Segment Start: The input
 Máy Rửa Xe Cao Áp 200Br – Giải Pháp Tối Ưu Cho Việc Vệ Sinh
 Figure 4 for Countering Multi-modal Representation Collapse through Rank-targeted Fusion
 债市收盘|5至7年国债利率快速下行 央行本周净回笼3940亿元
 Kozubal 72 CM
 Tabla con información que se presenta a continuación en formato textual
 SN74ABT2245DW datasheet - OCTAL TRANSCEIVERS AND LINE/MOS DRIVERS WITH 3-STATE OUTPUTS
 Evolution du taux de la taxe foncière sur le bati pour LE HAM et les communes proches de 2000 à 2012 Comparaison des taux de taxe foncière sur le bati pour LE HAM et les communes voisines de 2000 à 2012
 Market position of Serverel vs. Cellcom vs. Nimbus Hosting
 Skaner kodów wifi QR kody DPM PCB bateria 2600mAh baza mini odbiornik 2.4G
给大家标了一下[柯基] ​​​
Segment End: The input
Segment Start: The input
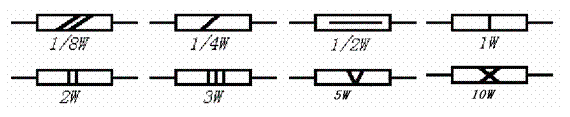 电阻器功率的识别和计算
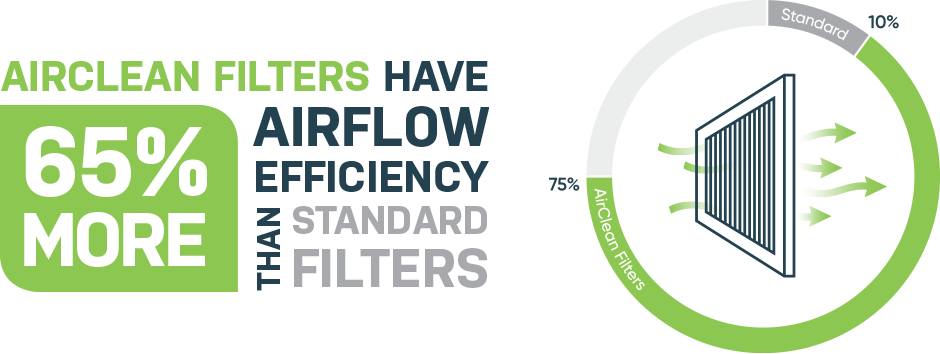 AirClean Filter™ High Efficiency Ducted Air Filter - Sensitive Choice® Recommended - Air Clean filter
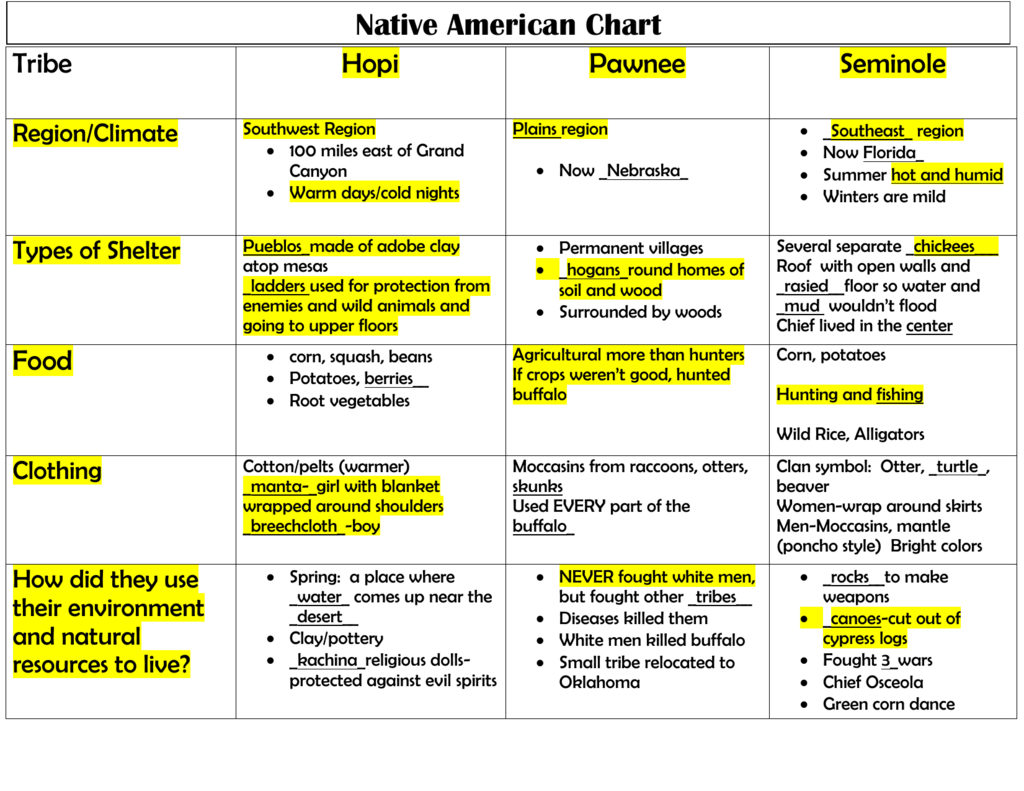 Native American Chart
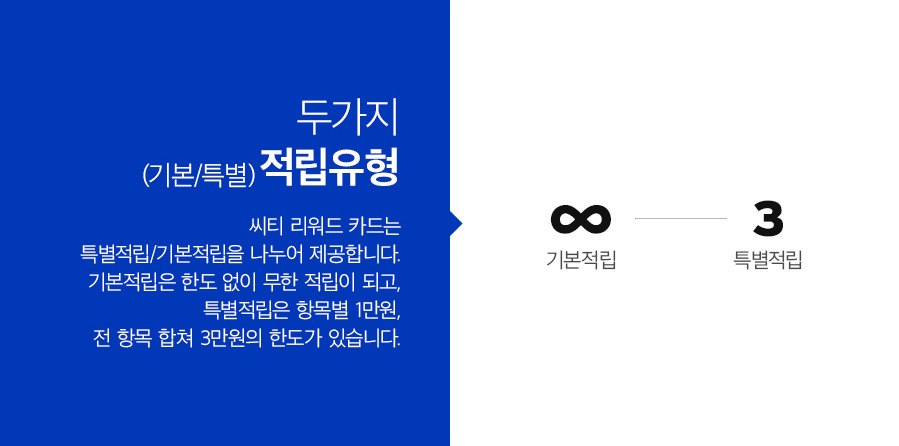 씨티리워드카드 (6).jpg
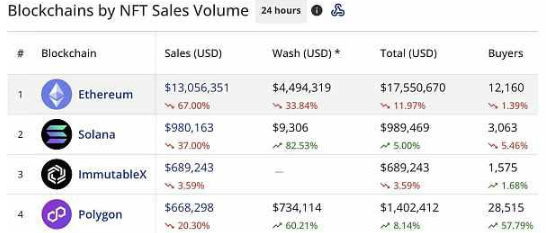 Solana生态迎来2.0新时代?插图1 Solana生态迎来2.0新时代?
Segment End: The input
Segment Start: The input
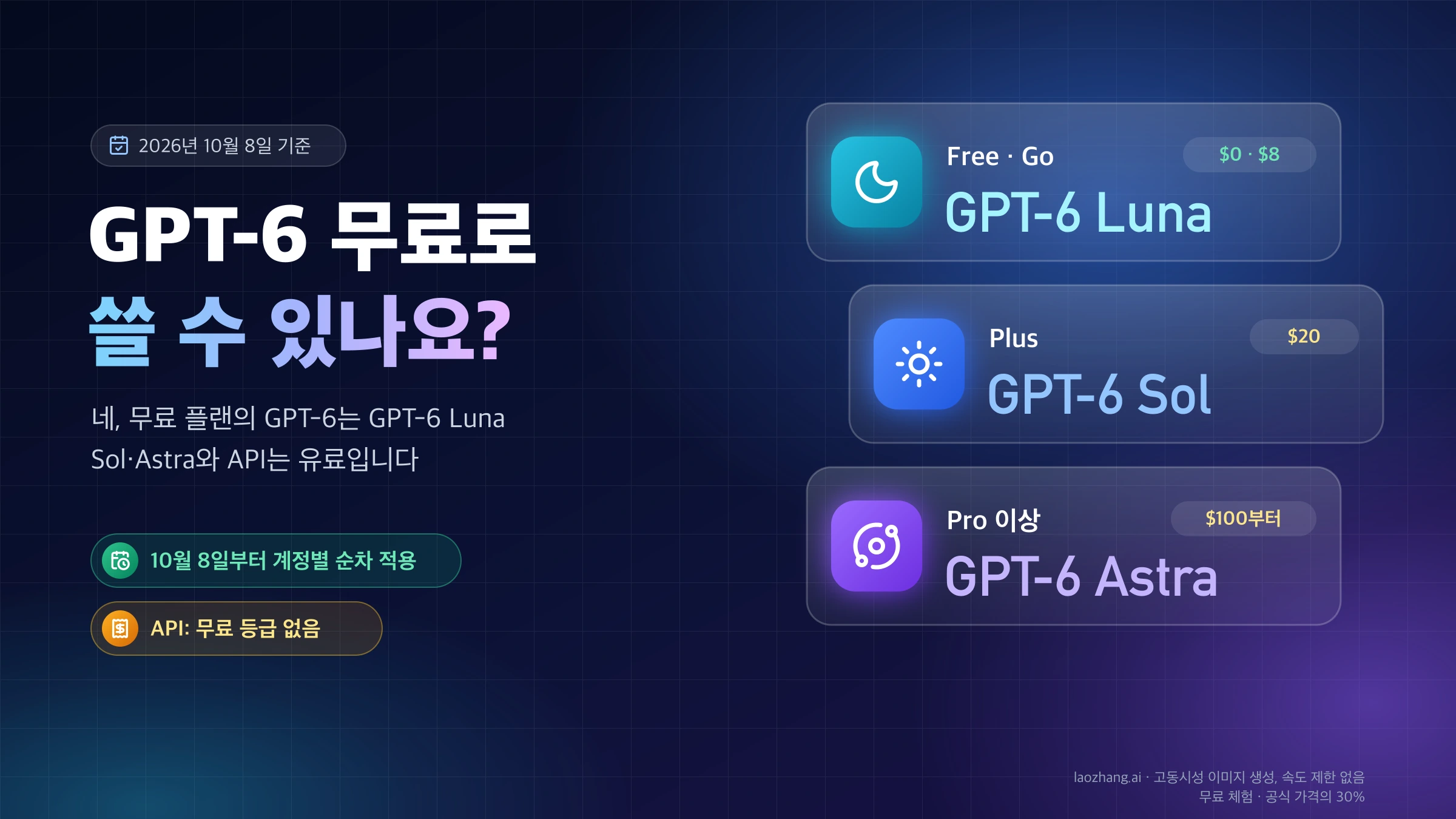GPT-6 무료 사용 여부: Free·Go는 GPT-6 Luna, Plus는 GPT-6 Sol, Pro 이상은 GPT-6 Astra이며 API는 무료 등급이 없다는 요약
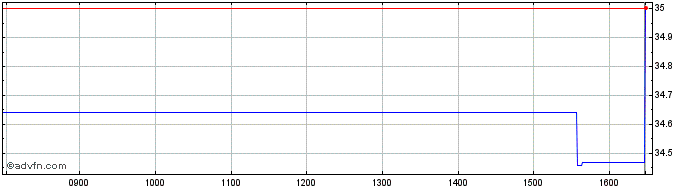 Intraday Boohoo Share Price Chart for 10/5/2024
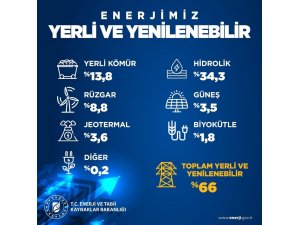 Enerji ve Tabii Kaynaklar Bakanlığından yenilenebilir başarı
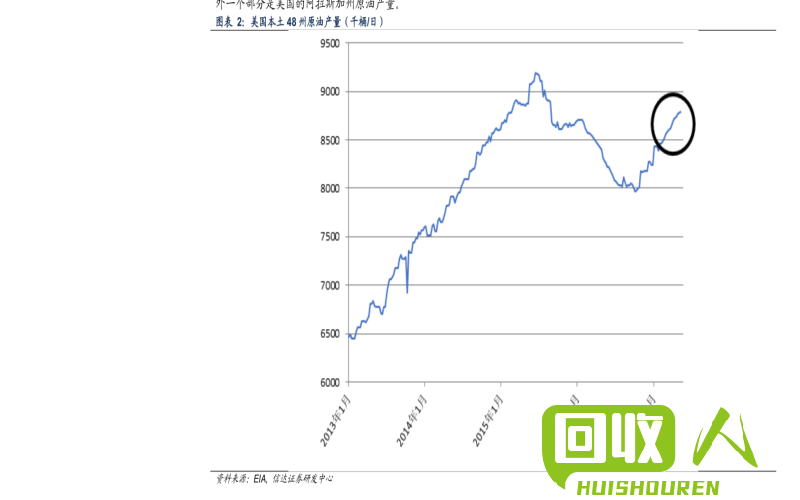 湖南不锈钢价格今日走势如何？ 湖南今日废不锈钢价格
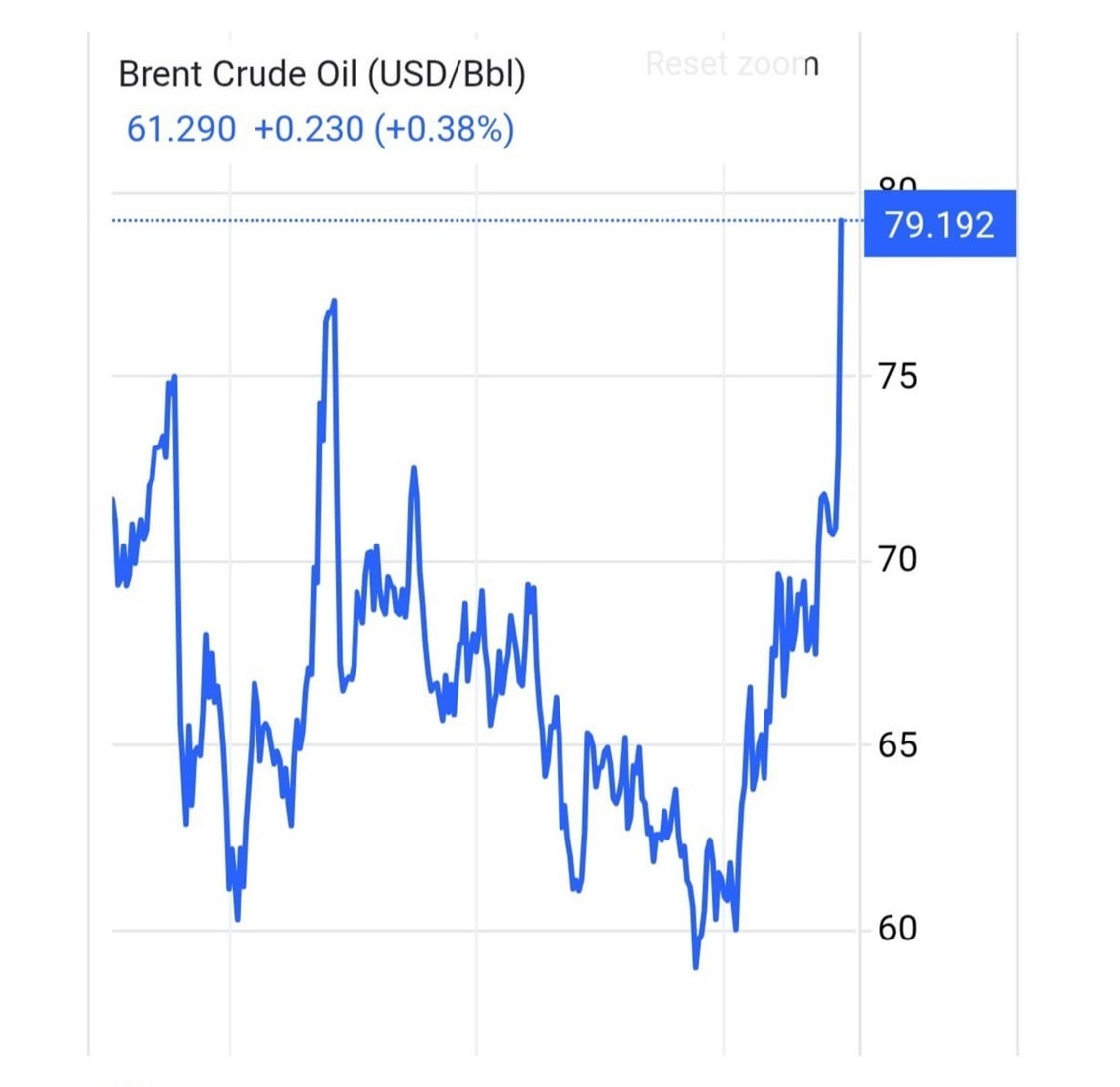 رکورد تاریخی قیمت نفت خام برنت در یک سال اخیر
Segment End: The input
Word for word, restate the lines of the data above that fall between the line holding "Máy Rửa Xe Cao" and the line holding "SN74ABT2245DW datasheet - OCTAL", inclusive, and no other lines.

 Máy Rửa Xe Cao Áp 200Br – Giải Pháp Tối Ưu Cho Việc Vệ Sinh
 Figure 4 for Countering Multi-modal Representation Collapse through Rank-targeted Fusion
 债市收盘|5至7年国债利率快速下行 央行本周净回笼3940亿元
 Kozubal 72 CM
 Tabla con información que se presenta a continuación en formato textual
 SN74ABT2245DW datasheet - OCTAL TRANSCEIVERS AND LINE/MOS DRIVERS WITH 3-STATE OUTPUTS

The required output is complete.